Personaggio dei radiodrammi anni Trenta, poi di un telefilm degli anni Sessanta (che diede notorietà internazionale a Bruce Lee, nel ruolo dell’assistente Kato), protagonista di un film malriuscito diretto dal francese Michel Gondry, Green Hornet è oggi la creatura fumettistica di Mark Waid. Pilastro del comicdom USA, autore di memorabili cicli per vari personaggi sia Marvel che DC, Waid ci racconta da dove nasce la sua fascinazione per il Calabrone Verde e perché anche noi dovremmo innamorarcene.

Non è un eroe, ma un antieroe, ci spiega Waid. La qual cosa non sarebbe necessariamente una novità. Ma Green Hornet non è Wolverine nè il Punitore. Finge, in qualche modo, di essere un criminale, per svolgere i compiti di un giustiziere, in un gioco di luci e ombre mai del tutto chiaro. Ragazzo ricco che decide di combattere il crimine (altro tema già visto in mille salse), che però non controlla del tutto il suo ego. Tutti e due i mondi lo attraggono, eccelle in entrambi. In molti sensi, Green Hornet è sia l’eroe principale della serie che il primo dei villain.

Waid racconta anche la sua attrazione per la triplice identità del personaggio. Pubblicamente un editore di giornali, per tutti quanti un criminle pericoloso, in realtà dalla parte della giustizia. Pochi eroi mascherati possono vantare un doppio inganno di questo genere. Infatti Waid non considera la sua run su Green Hornet appartenente al genere supereroistico. Piuttosto un fumetto noir, un crime comic, non privo di tinte forti.

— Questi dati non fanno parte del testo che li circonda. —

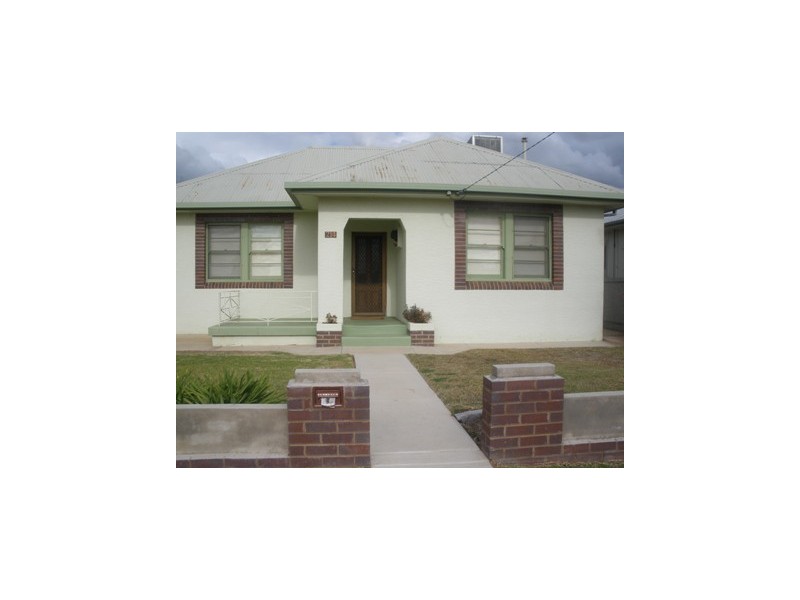 214 Kincaid Street, Wagga Wagga NSW 2650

Ultima soddisfazione, l’ambientazione anni trenta. Il piacere di scrivere un personaggio vintage, delle ricerche costanti dello sceneggiatore per rendere credibile l’America post-depressione, il fascino della fantascienza retrò che permette a Green Hornet di combattere i mascalzoni. Non male, come menù, per il personaggio rilanciato nel 2010 da Kevin Smith per Dynamite, a cui auguriamo di continuare a godere della guida di grandi sceneggiatori.